I have a 20 gallon tank that I would like to set up as a community tank. Currently I have one Harlequin Rasbora in my 55 but he needs some friends. I'd like to get at least two more Rasboras and put them in the 20. 

What would go well with a group of them? I'd really like some kind of gouramis, but any suggestions would help?


----------



## 10asartin (Mar 28, 2013)

I have a 20 gallon NPT community with 12 harlequin rasboras, 3 german blue rams, 1 powder blue dwarf gourami, and 2 otos. It is a really fun tank, probably my favorite. Every other month my harlequins spawn as do my german blue rams.

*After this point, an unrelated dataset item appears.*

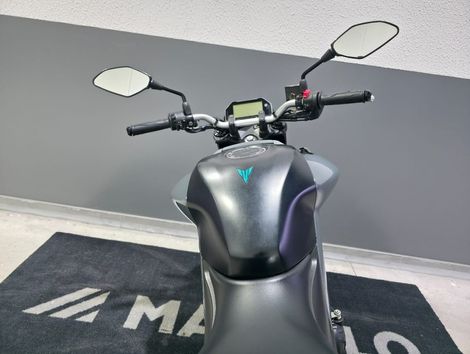 YAMAHA MT-03 321/ABS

Of course, all of the eggs are quickly gobbled up, but it is still a fun thing to see.
Whatever you decide to do I would get at least 5 more harlequins as they do much better in larger groups.


----------



## lainaxoberst (Sep 18, 2013)

That sounds like a great tank! Thank you, I definitely will be getting more harlequins. I was just afraid of overstocking.


----------



## Bombalurina (Oct 10, 2011)

That tank sounds beautiful! I may have to re-stock my tank in that fashion when the current inhabitants cross the rainbow bridge.


----------



## 10asartin (Mar 28, 2013)

If you ever have any other stocking questions you can use http://aqadvisor.com


----------



## Bombalurina (Oct 10, 2011)

Do be careful with AqAdvisor - always check on here first. It's good as a very general guide, but it can be quite inaccurate.


----------